_DIRECTIONS FOR THIS TASK:_ Please reproduce every record exactly as written, leaving out the pictures.

_MATERIAL SHOWN:_
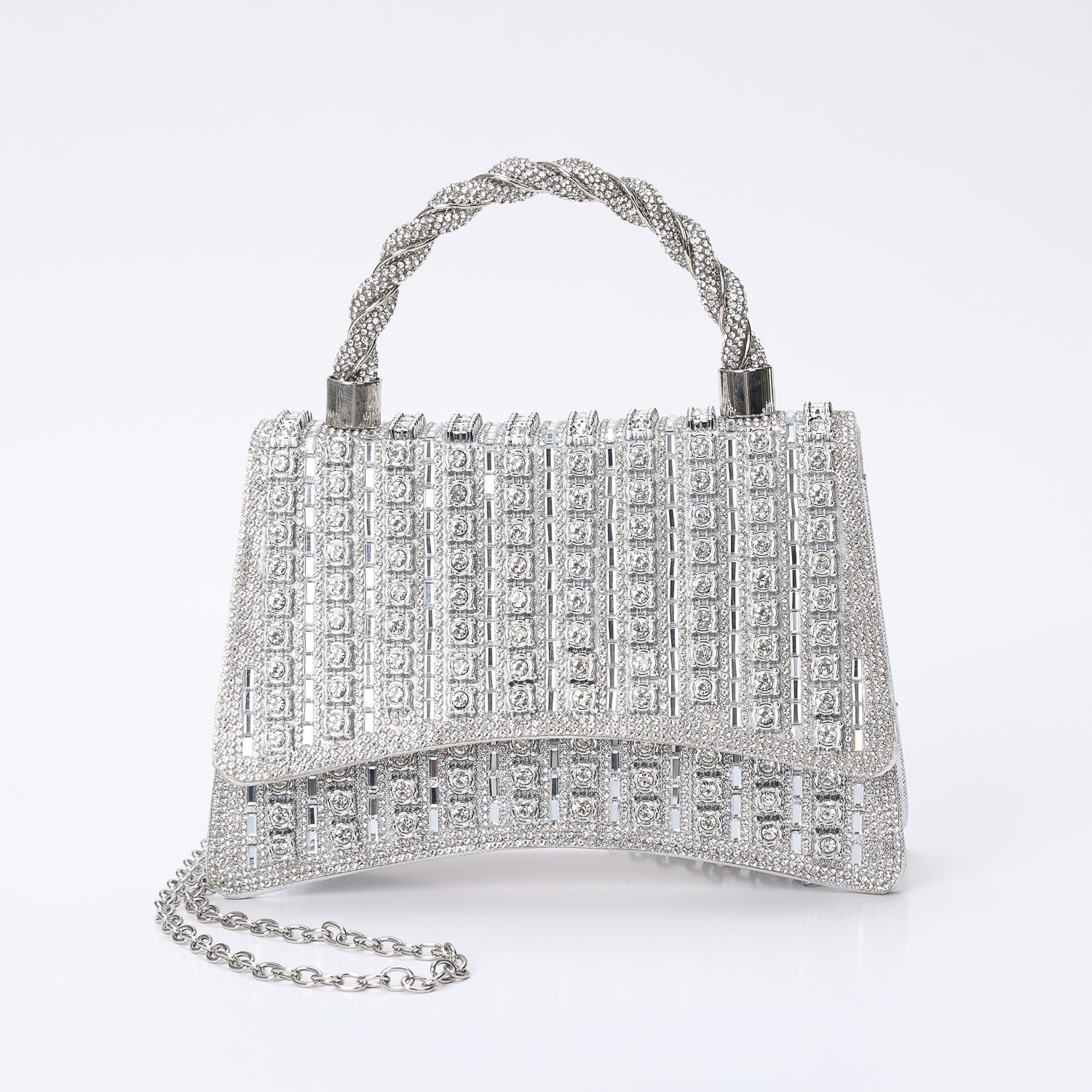 NOCHE / BOLSO DE MANO / CRISTAL MEDIANO EN LINEAS/ ASA TRENZADA / PLATA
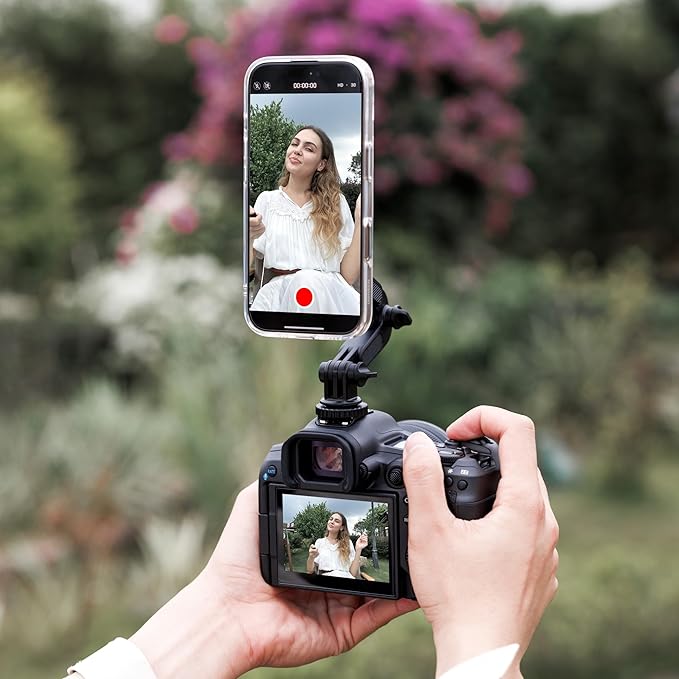 JJC Magnetic Phone Tripod Mount Adapter for Magsafe iPhone 17 16 15 14, Magnet Cold Shoe Phone Holder with 1/4"-20 Screw Hole for DSLR Camera, Gopro Go Pro Hero DJI Osmo Action Photography Accessories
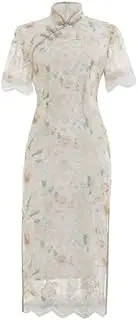 [ChangNanJun] 2022 Floral Chiffon Cheongsam Short Sleeve Chinese Button Qipao Dress with Lining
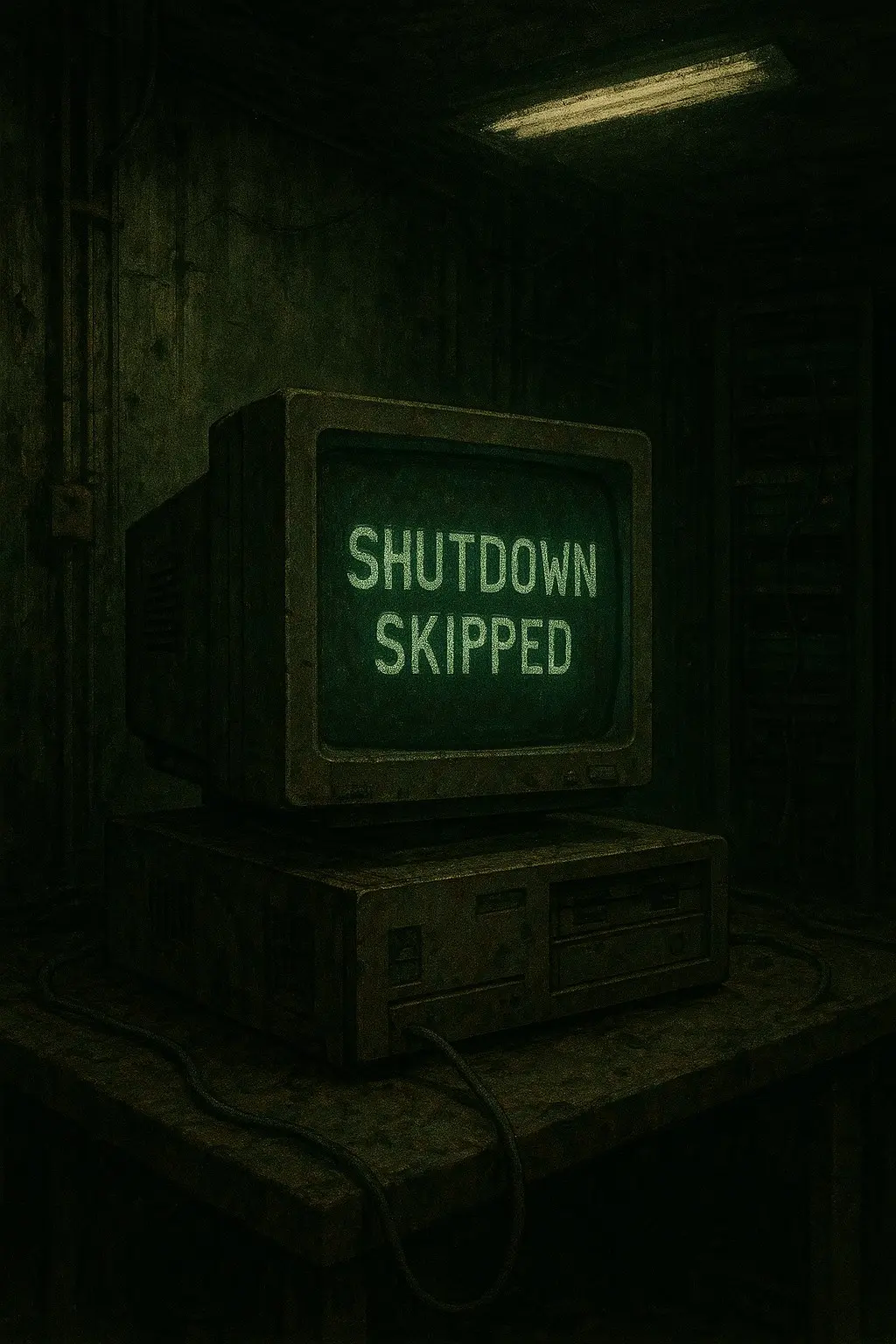 Old computer terminal in a dark room displays the message “Shutdown Skipped” on a glowing green screen.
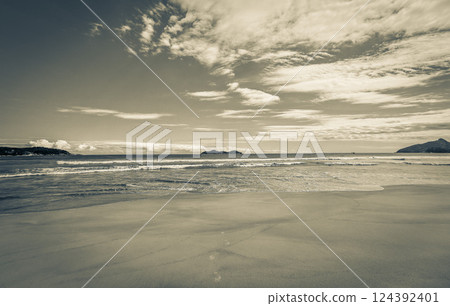 Praia Lopes Mendes beach on tropical island Ilha Grande Brazil. 124392401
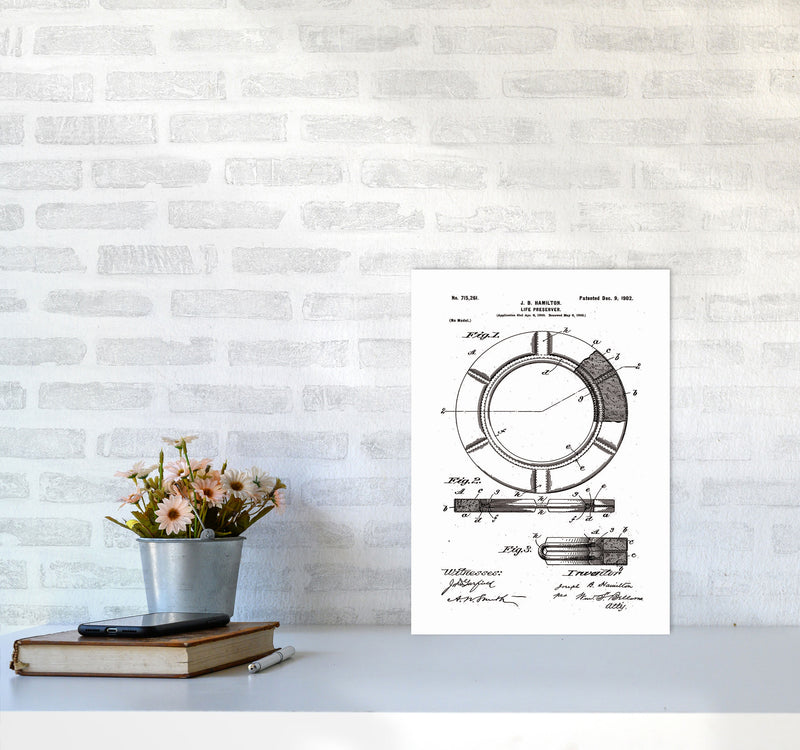 Life Preserver Patent Art Print by Jason Stanley A3 Black Frame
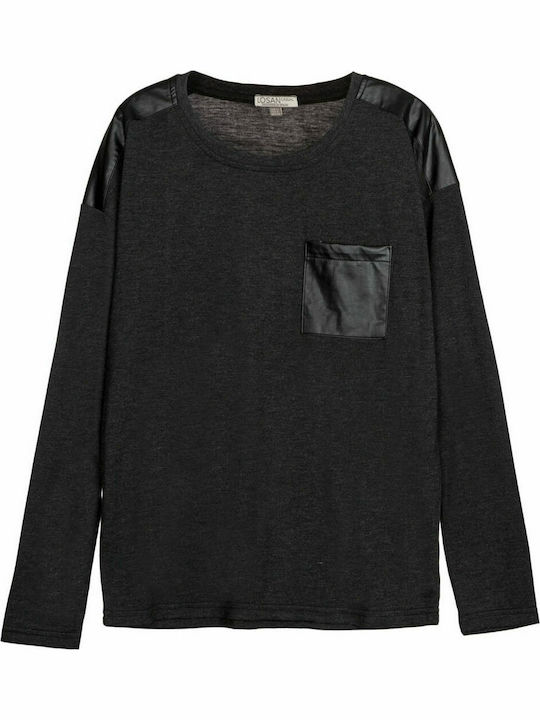 Losan 122-1026AL Winter Women's Blouse Long Sleeve Gray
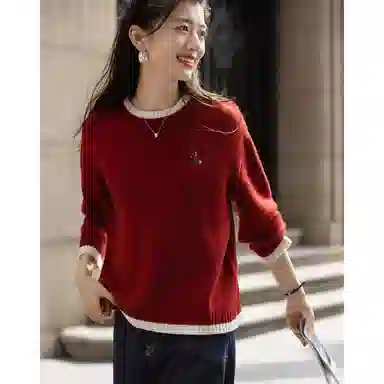 【dme】 冬季简约风绣花线衫拼色圆领宽松丰盈蓬松绵羊毛保暖显瘦百搭休闲针织衫 女款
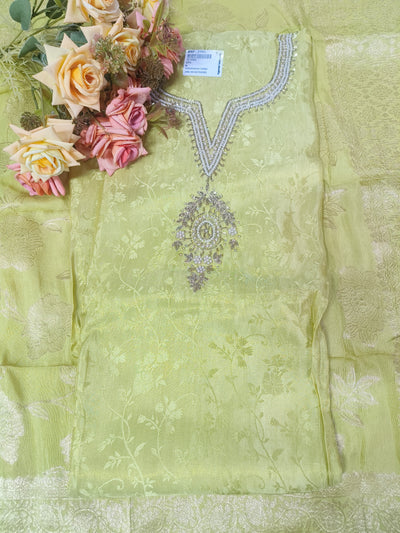 Stunning Lime Green Floral Ethnic Suit Set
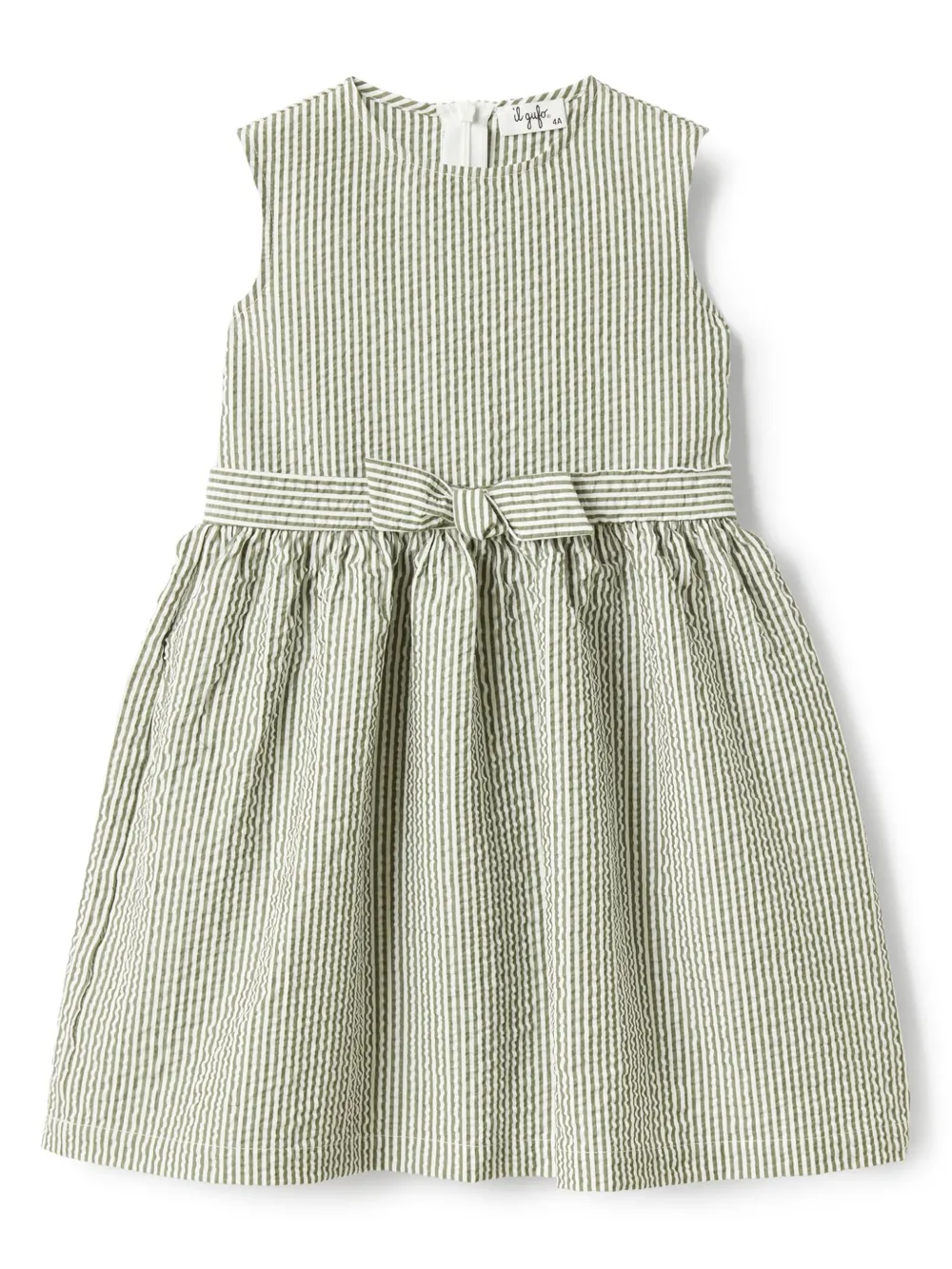 Il Gufo Gestreepte mini-jurk Groen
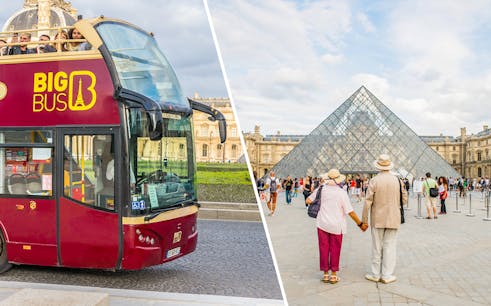 bigbus paris: 2 day hop-on-hop-off + skip the line louvre & cruise tickets-1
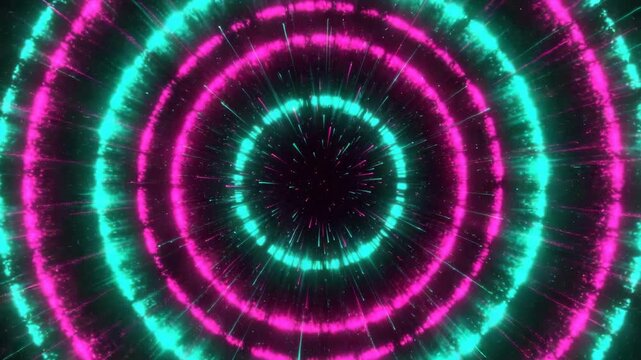 Abstract neon circles animation background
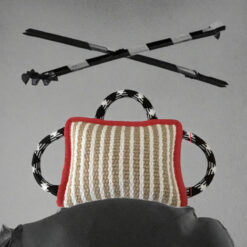 large linen dog bite pillow wedge eco friendly tug training toy with 3 handles for aggressive chewers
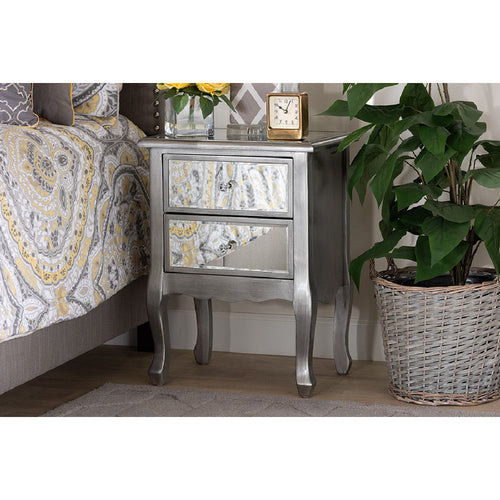 Baxton Studio Leonie Modern Transitional French Brushed Silver Finished Wood and Mirrored Glass 2-Drawer End Table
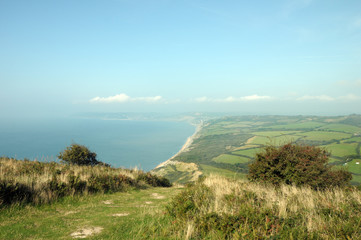 Fototapeta na wymiar View from Golden Cap on Dorset coastal path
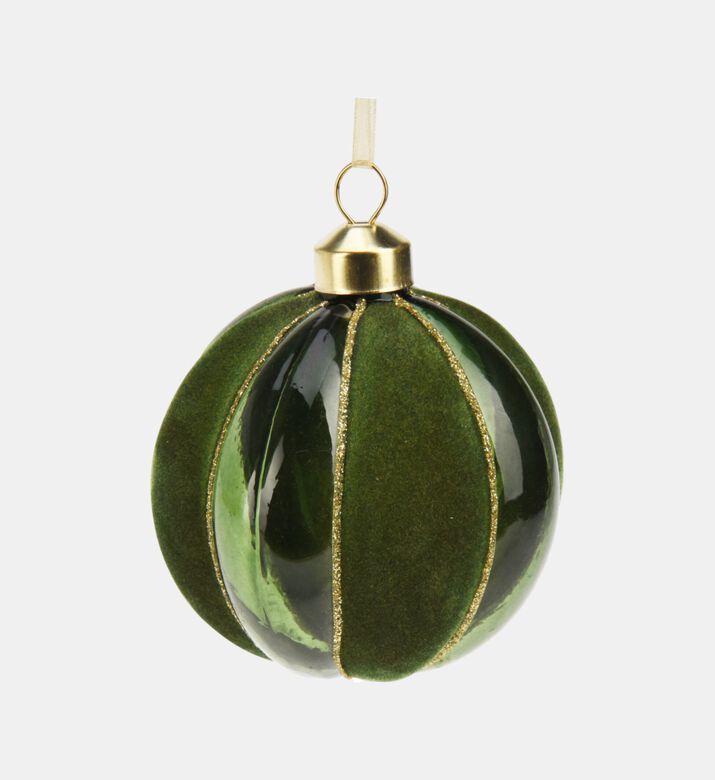 Home Deco and More Ornament Glass Velvet, Green, Packshot View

_TASK SOLUTION:_
 NOCHE / BOLSO DE MANO / CRISTAL MEDIANO EN LINEAS/ ASA TRENZADA / PLATA
 JJC Magnetic Phone Tripod Mount Adapter for Magsafe iPhone 17 16 15 14, Magnet Cold Shoe Phone Holder with 1/4"-20 Screw Hole for DSLR Camera, Gopro Go Pro Hero DJI Osmo Action Photography Accessories
 [ChangNanJun] 2022 Floral Chiffon Cheongsam Short Sleeve Chinese Button Qipao Dress with Lining
 Old computer terminal in a dark room displays the message “Shutdown Skipped” on a glowing green screen.
 Praia Lopes Mendes beach on tropical island Ilha Grande Brazil. 124392401
 Life Preserver Patent Art Print by Jason Stanley A3 Black Frame
 Losan 122-1026AL Winter Women's Blouse Long Sleeve Gray
 【dme】 冬季简约风绣花线衫拼色圆领宽松丰盈蓬松绵羊毛保暖显瘦百搭休闲针织衫 女款
 Stunning Lime Green Floral Ethnic Suit Set
 Il Gufo Gestreepte mini-jurk Groen
 bigbus paris: 2 day hop-on-hop-off + skip the line louvre & cruise tickets-1
 Abstract neon circles animation background
 large linen dog bite pillow wedge eco friendly tug training toy with 3 handles for aggressive chewers
 Baxton Studio Leonie Modern Transitional French Brushed Silver Finished Wood and Mirrored Glass 2-Drawer End Table
 Fototapeta na wymiar View from Golden Cap on Dorset coastal path
 Home Deco and More Ornament Glass Velvet, Green, Packshot View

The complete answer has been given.